Akhirnya, ia benar-benar membayar dengan uang asli! Cerita ini viral di internet dan membuat banyak netizen tertawa.
Kembali ke soal koki di pesta Chen Hanzhong.
“Bukan koki hebat, tadi aku ke dapur, yang masak hari ini Liu Erhan,” seseorang yang tahu fakta sebenarnya membocorkannya.
“Serius? Liu Erhan yang masak?” Banyak tamu terkejut, sebab di Fengming, koki tidak banyak, dan hampir semua orang pasti pernah makan masakannya.
Mayoritas orang kenal Liu Erhan.
“Benar, mana mungkin aku bohong soal beginian. Tuh, tanya saja ke asisten yang baru lewat ini,” kata orang itu sambil menunjuk salah satu asisten yang membawa makanan.
Semua pun bertanya, dan setelah memastikan memang Liu Erhan yang jadi koki, semangat mereka langsung anjlok.
“Habis sudah, siang ini kita bakal kelaparan. Masakan Liu Erhan biasa saja untuk beberapa meja, kali ini lebih dari seratus meja, jangan harap enak...”
“Benar juga, kenapa Chen Hanzhong memilih dia?
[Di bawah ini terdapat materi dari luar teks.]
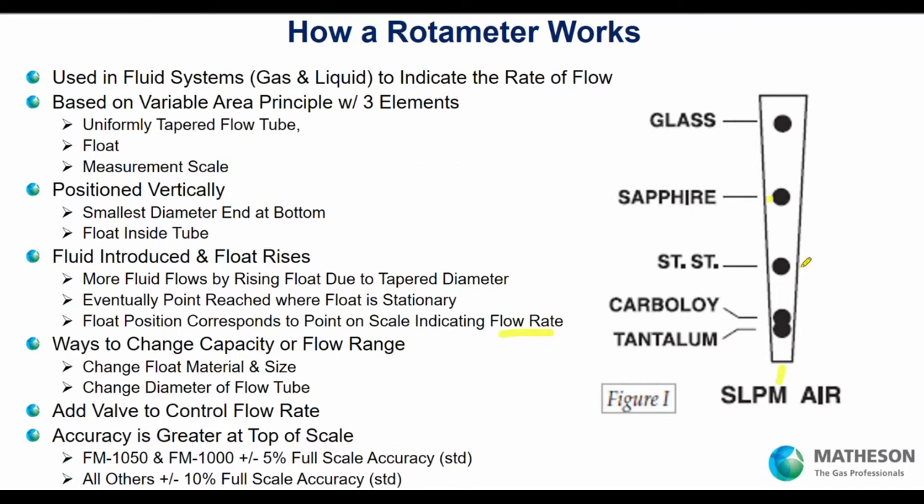How do you change the flow rate on a rotometer? You do that by changing your float — either the material or the size — or you can change the diameter of the tube, which you do with the mandrel and forming the glass around it. To set a specific flow rate and control flow to the point of use, you put a valve in and make sure that float stops at the desired position — for example, 6 liters per minute.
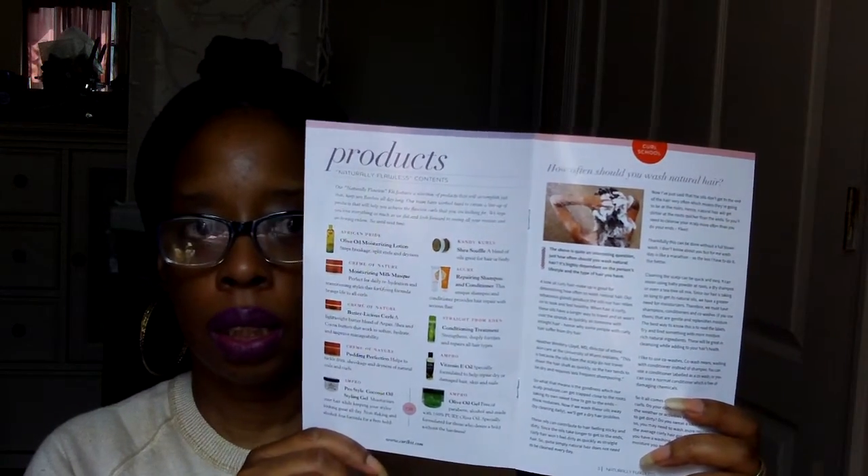The first thing I want to show you guys is the Curl Life publication. They always have a nice, beautiful natural hair woman on the cover. This is the publication that tells you what you can expect to see inside — you have the editor's notes. It's a great read. I do read them, though I didn't get a chance to read this one. I've had this particular curl kit for over a week now. And there's also a coupon for some products with Acure — products for your skin, for the planet.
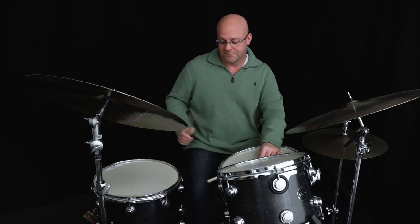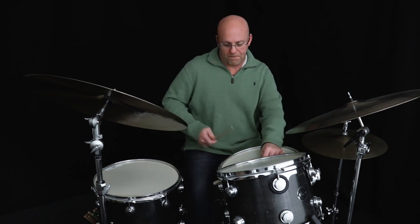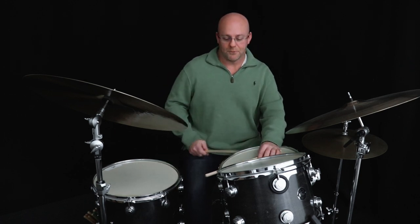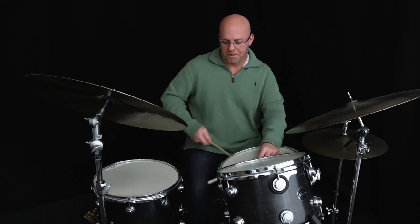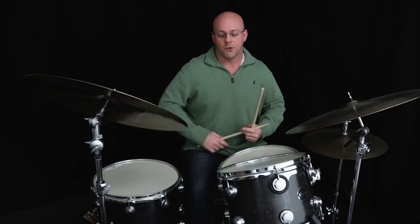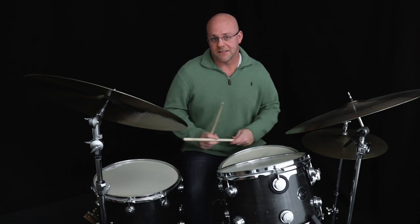That's how I hear it. First, get that sticking down, then you're really aiming for the first left and the last right — get the beginning and end so that it's phrased correctly and it's not just a series of five notes, but a hip little phrase because it's a five-note phrase.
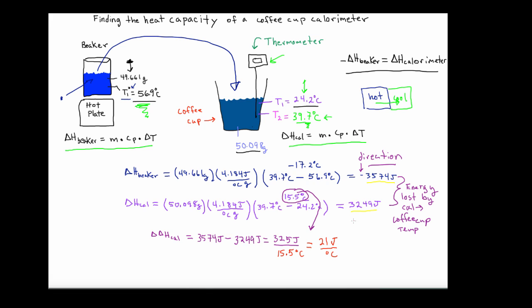I'm going to take this one step further and calculate the specific heat of the calorimeter — the specific heat of the styrofoam, temperature probe, and so on. To do this, take the heat capacity of 21 joules per degree C and divide it by the mass of the calorimeter including the water, which is 50.098 grams.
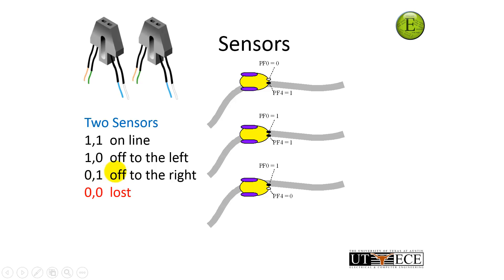I have one more case I don't quite know how to handle yet, and that is if I'm lost — both sensors go dark. I'm either off to the left or the right; I don't know. And this is where the finite state machine will help us.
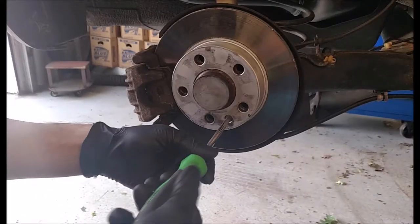When the wheel is removed from the vehicle, this is what you will be looking at: the brake disc or rotor, and the brake caliper to the left, which compresses the encompassed brake pads against the disc when you apply the brake pedal.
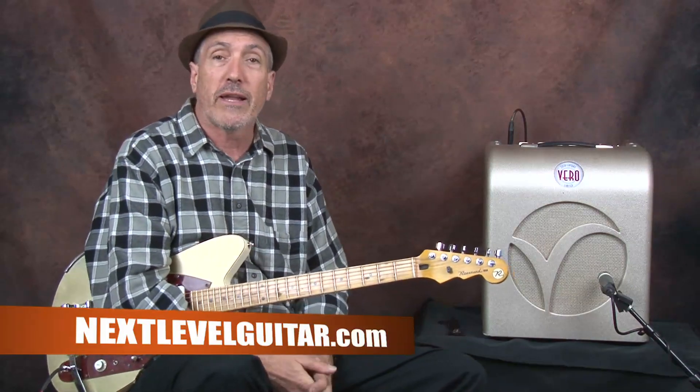Once again, this has been Jeffrey Paul Ross for NextLevelGuitar.com, reminding you that we have over 1,200 and growing various types of guitar lessons, starting with beginners, then intermediate, and on up through advanced. We'll see you next time.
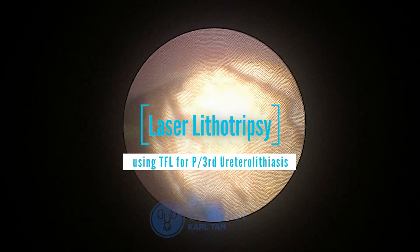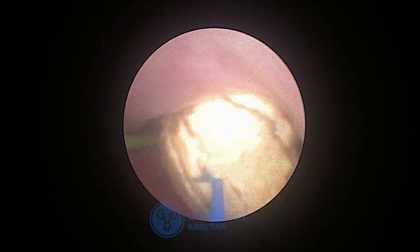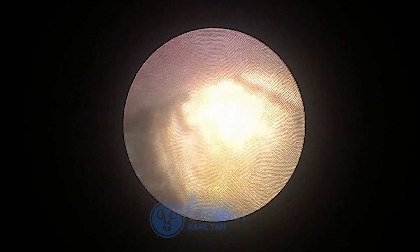We're doing a laser lithotripsy using a Thulium Fiber Laser for proximal third ureterolithiasis. This is a somewhat obstructing stone in the proximal third. The settings would be around 0.5 joules and 20 Hertz.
Waduh, aku makan buah sama hidangan dingin saja deh.”
Kabar Liu Erhan jadi koki menyebar cepat di seluruh halaman, semua orang terkejut, bingung, lalu mengeluh dan segera menghabiskan hidangan dingin dan buah.
Banyak pandangan aneh tertuju pada Chen Hanzhong, sang tuan rumah, yang hanya tersenyum, “Kenapa kalian semua lihat aku? Masakan Liu Erhan bukannya enak? Menurutku sih enak, kalian harus menghargai dan makan lebih banyak.”
Melihat sikap keras kepala dan santai tuan rumah, semua orang hanya bisa terdiam.
Suasana pesta ulang tahun pun berubah, sedikit lucu, sedikit aneh.